In modern times, not so much has changed - except that a lot of our expectations are unspoken and assumed, rather than clearly set out. Many of us still behave like shipwrecked vagabonds, helpless to find real happiness or our true path in life until the right person comes along and saves us. We insist that our partners be our guiding stars, and feel disillusioned when they're finally revealed to be just as fallible as we are.

To love unconditionally means not only that we accept people, as they are, but also that we don't expect them to be the cause of our own happiness. When we feel that our happiness is contingent upon the way another person is behaving towards us (i.e., whether or not they're fulfilling our expectations) then we've disowned our power and entered into a relationship of dependency. When we're dependent, we think in terms of trying to get satisfaction from our partners. When they fail to provide it, we try to change or control them. One of the most popular ways in which one partner will try to control another is by withholding things like affection, attention, sex...in a word, love.

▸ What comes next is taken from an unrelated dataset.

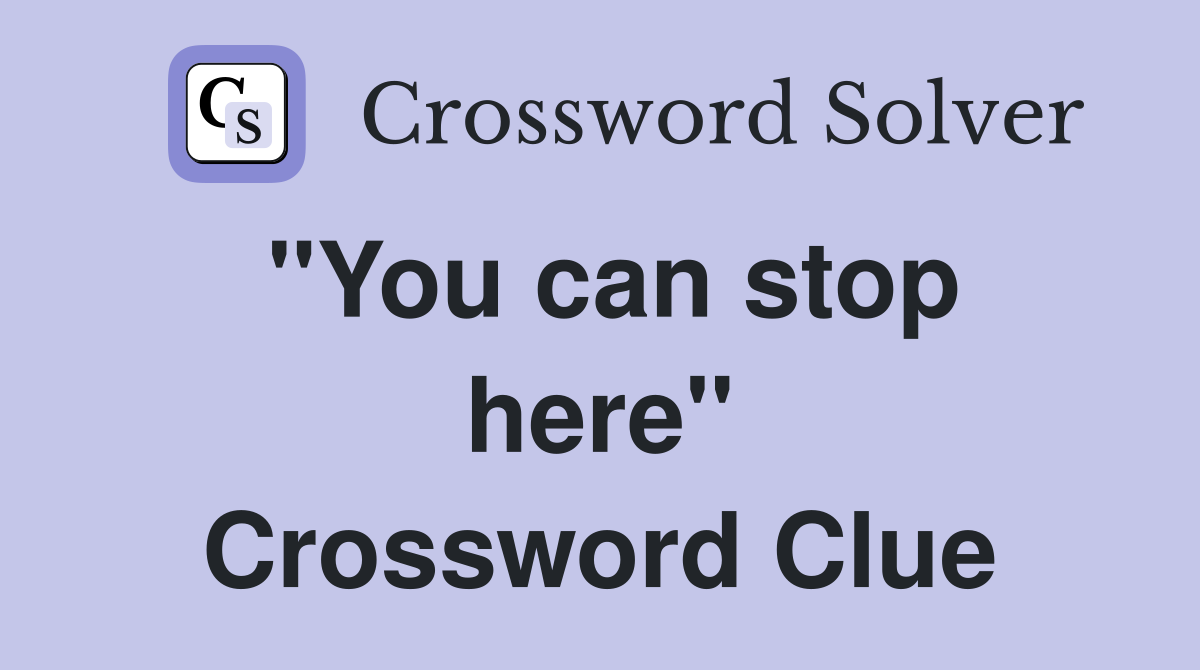 ''You can stop here'' Crossword Clue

Unconditional love is proactive. This means that we don't wait until our partners are doing things that please us before we express our love for them. We give regardless of whether or not we stand to receive anything in return. This is a difficult path to tread, to be sure, but it often proves to be the only way to sustain a relationship over the long term.

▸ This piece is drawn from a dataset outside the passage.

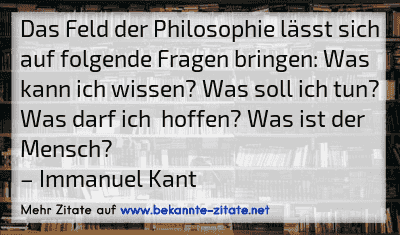 Das Feld der Philosophie lässt sich auf folgende Fragen bringen: Was kann ich wissen? Was soll ich tun? Was darf ich  hoffen? Was ist der Mensch?
– Immanuel Kant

Does this mean that we have to tough out a perpetually unhappy partnership, or one that is abusive? No. But if we've made the effort to love unconditionally, we'll know better than to try to remedy the situation by changing our partners. In many cases, we may come to find that giving is receiving. But if we get no reciprocation for all our efforts, we don't have to leave the relationship feeling bitter or resentful. Unconditional love reminds us that we are responsible for our own happiness, so where would be the cause for blame?